Input material =>
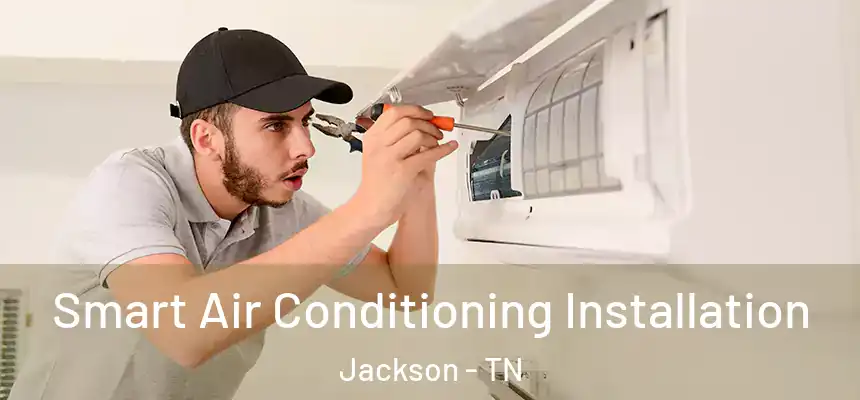  Smart Air Conditioning Installation Jackson - TN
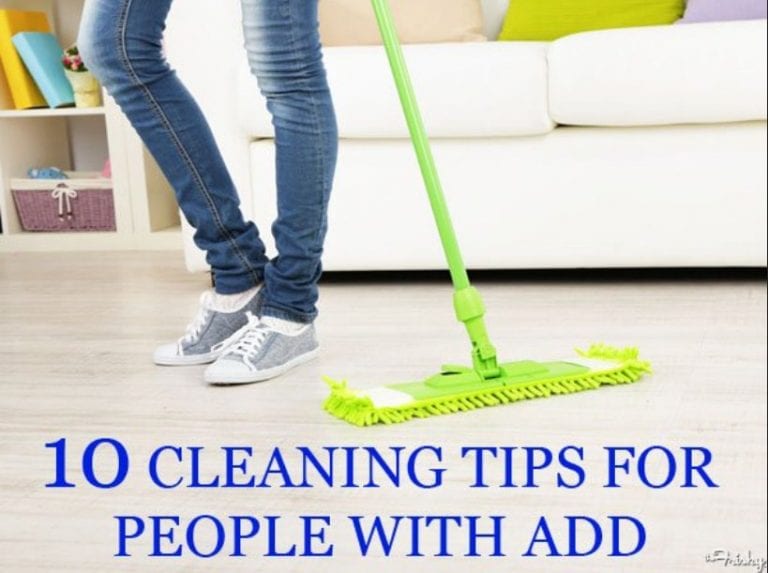 10 Life-Changing Cleaning & Organizing Tips For People With ADD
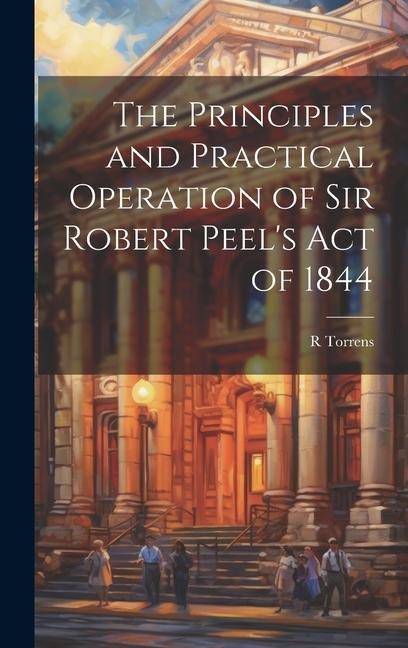 The Principles and Practical Operation of Sir Robert Peels Act of 1844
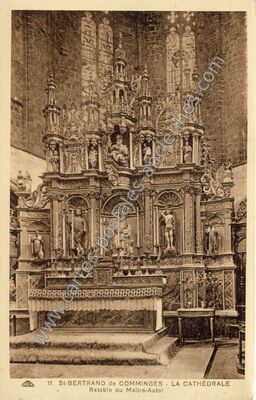 Carte postale ancienne LA CATHÉDRALE Retable du Maître-Autel — Saint-Bertrand-de-Comminges (Haute-Garonne)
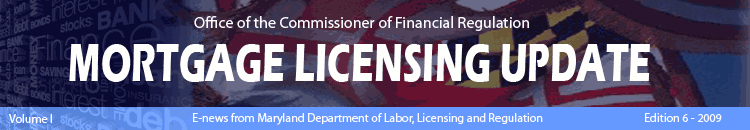 Mortgage Licensing Update - Office of the Commissioner of Financial Regulation - E-News from the Department of Labor, Licensing and Regulation
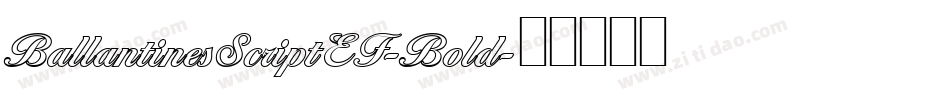 BallantinesScriptEF-Bold字体转换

Goal of the exercise => Please print exactly the lines from the line containing "Carte postale ancienne" through the end of the records above, both included, leaving out every picture.

Task solution =>
 Carte postale ancienne LA CATHÉDRALE Retable du Maître-Autel — Saint-Bertrand-de-Comminges (Haute-Garonne)
 Mortgage Licensing Update - Office of the Commissioner of Financial Regulation - E-News from the Department of Labor, Licensing and Regulation
 BallantinesScriptEF-Bold字体转换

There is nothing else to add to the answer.